== Work item ==
Reproduce, exactly and in full, the lines from the one with "Ariell_Mini on StripChat" through the one with "Ema Conjunto Brillante" in the data below; drop pictures.

== Data for analysis ==

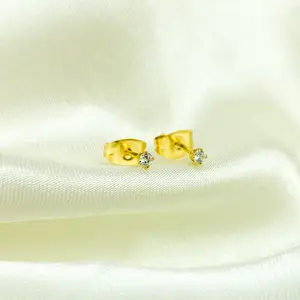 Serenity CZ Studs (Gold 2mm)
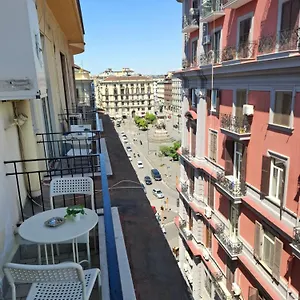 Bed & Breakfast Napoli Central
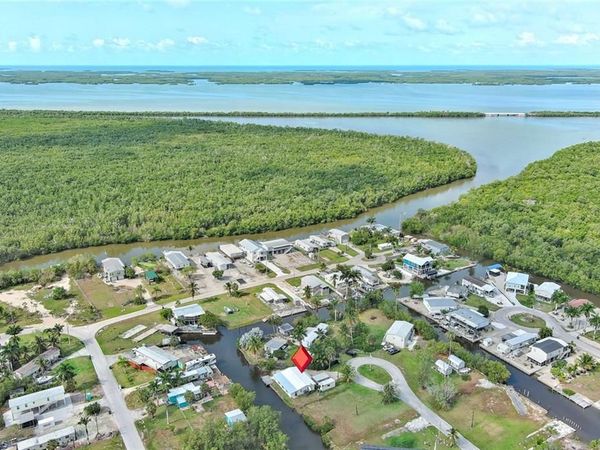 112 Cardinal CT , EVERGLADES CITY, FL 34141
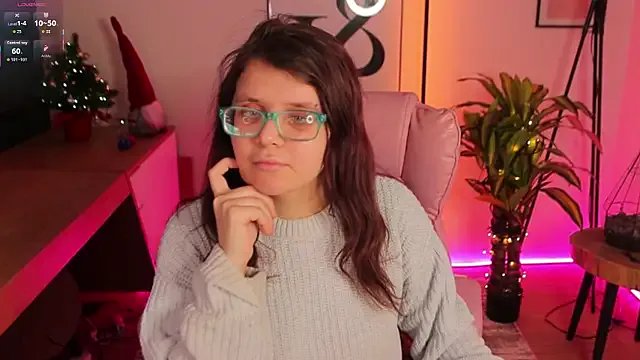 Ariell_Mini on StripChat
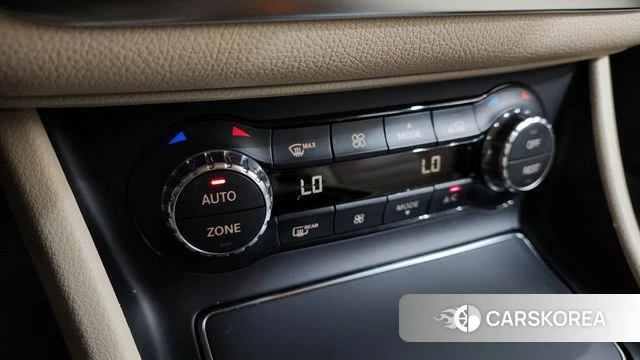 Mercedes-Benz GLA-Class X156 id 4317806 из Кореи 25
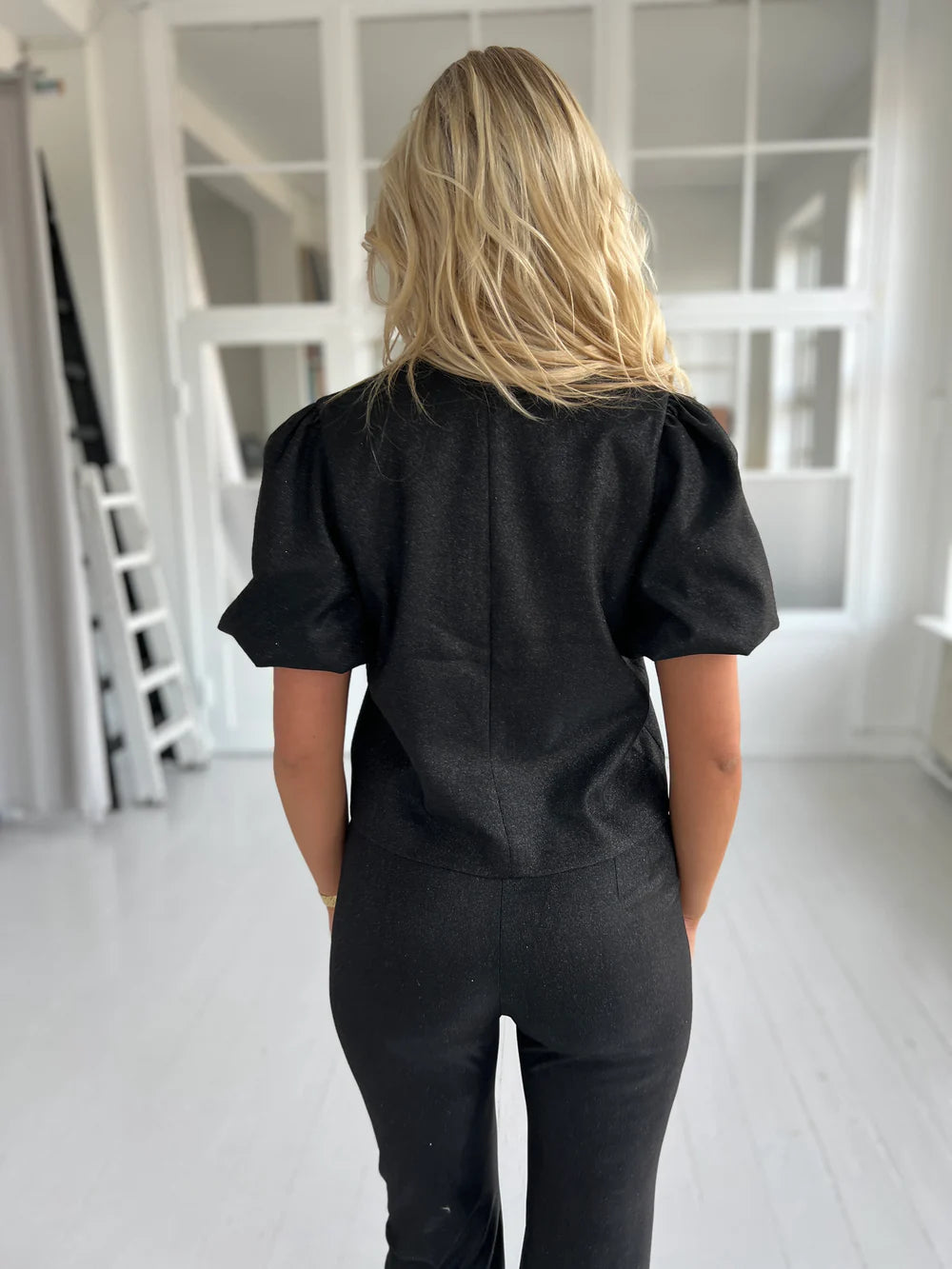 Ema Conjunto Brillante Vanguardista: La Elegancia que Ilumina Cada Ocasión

==

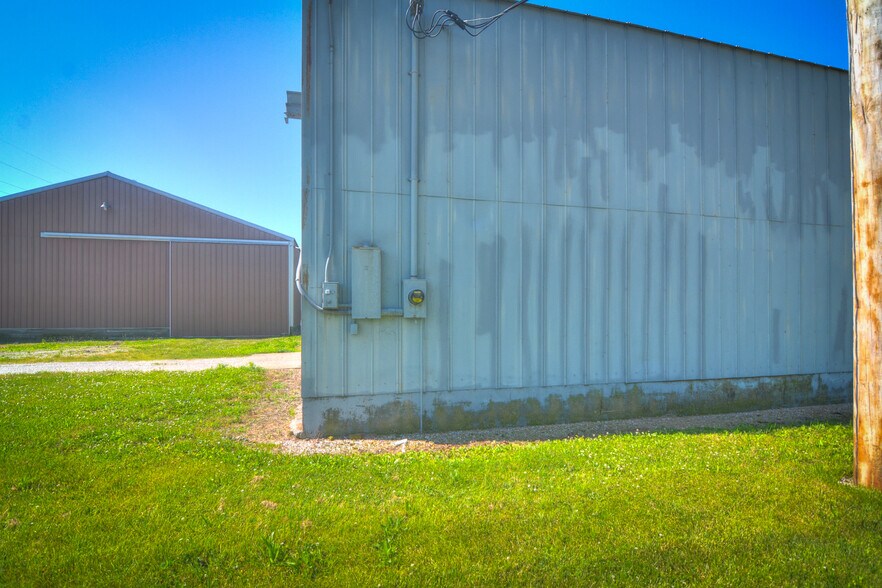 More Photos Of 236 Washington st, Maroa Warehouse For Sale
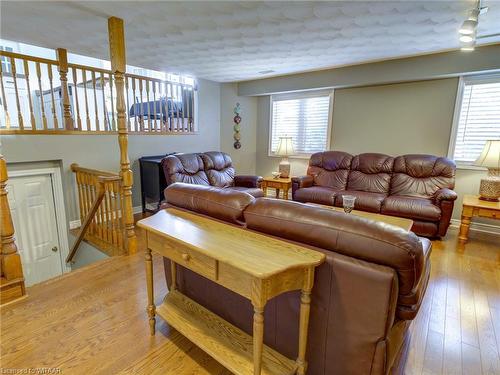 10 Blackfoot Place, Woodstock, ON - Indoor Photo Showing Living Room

== Written answer ==
 Ariell_Mini on StripChat
 Mercedes-Benz GLA-Class X156 id 4317806 из Кореи 25
 Ema Conjunto Brillante Vanguardista: La Elegancia que Ilumina Cada Ocasión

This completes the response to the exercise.